Microbial and Environmental Genomics, J Craig Venter Institute, San Diego, CA, USA.
Informatics Group, J Craig Venter Institute, San Diego, CA, USA.


Photoautotrophic picocyanobacteria harvest light via phycobilisomes (PBS) consisting of the pigments phycocyanin (PC) and phycoerythrin (PE), encoded by genes in conserved gene clusters. The presence and arrangement of these gene clusters give picocyanobacteria characteristic light absorption properties and allow the colonization of specific ecological niches. To date, a full understanding of the evolution and distribution of the PBS gene cluster in picocyanobacteria has been hampered by the scarcity of genome sequences from fresh- and brackish water-adapted strains. To remediate this, we analysed genomes assembled from metagenomic samples collected along a natural salinity gradient, and over the course of a growth season, in the Baltic Sea. We found that while PBS gene clusters in picocyanobacteria sampled in marine habitats were highly similar to known references, brackish-adapted genotypes harboured a novel type not seen in previously sequenced genomes.
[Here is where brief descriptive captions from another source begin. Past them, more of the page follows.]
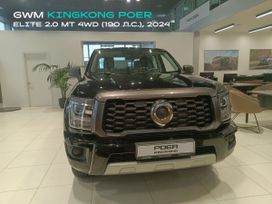  Great Wall Poer KingKong 2024 , 3539000 , 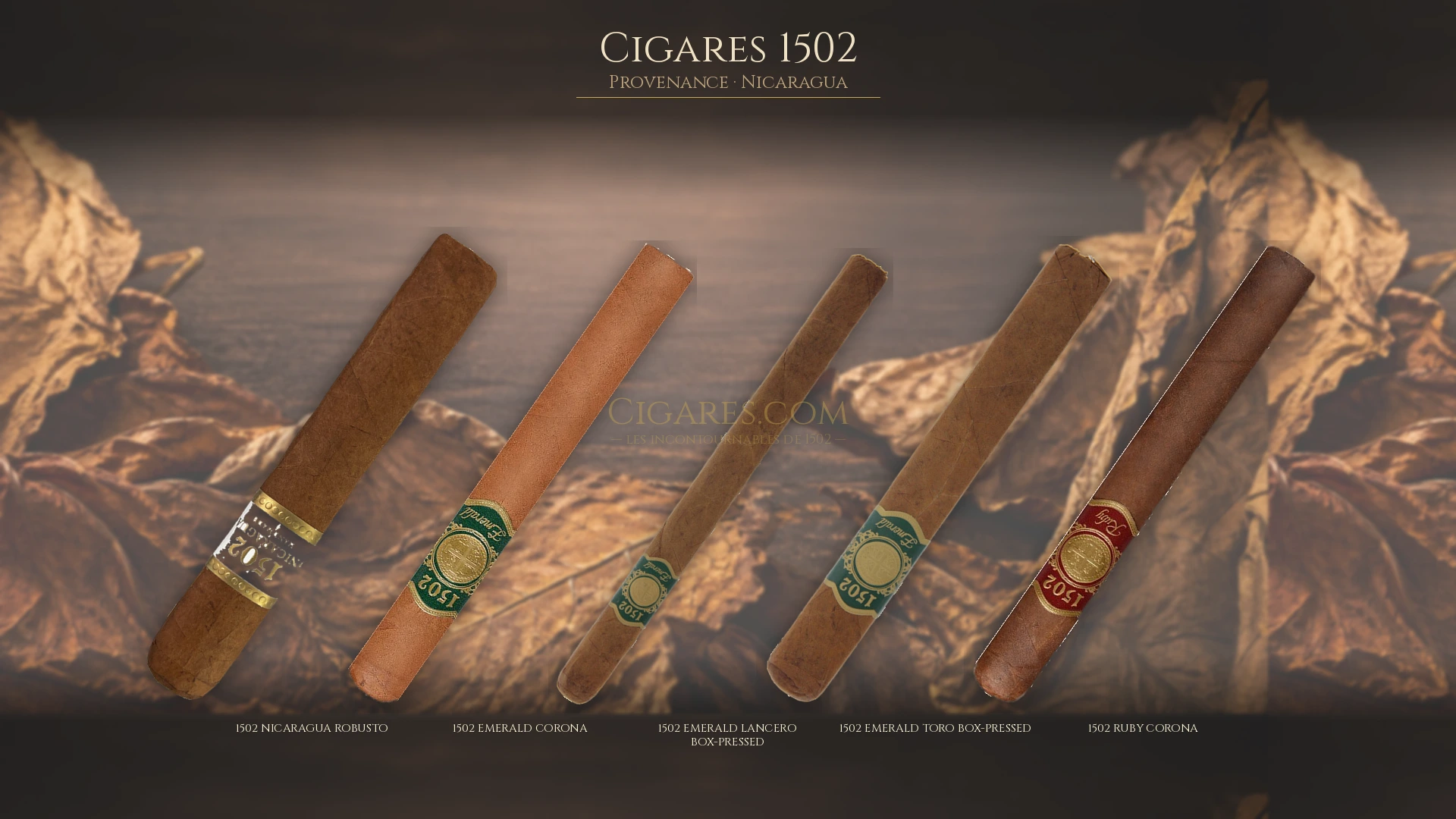 Top 5 cigares 1502 — les plus populaires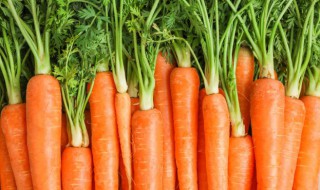 胡萝卜缨子的营养价值与功效作用 胡萝卜樱子的好处和营养有哪些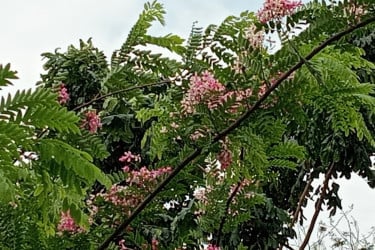 সুগন্ধি লালসোনাইলের গোলাপি ঢেউ দোল খাচ্ছে প্রকৃতিতে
Phylogenetic analyses showed that the novel gene cluster belonged to a clade of uncultivated picocyanobacteria that dominate the brackish Baltic Sea throughout the summer season, but are uncommon in other examined aquatic ecosystems. Further, our data suggest that the PE genes were lost in the ancestor of PC-containing coastal picocyanobacteria and that multiple horizontal gene transfer events have re-introduced PE genes into brackish-adapted strains, including the novel clade discovered here.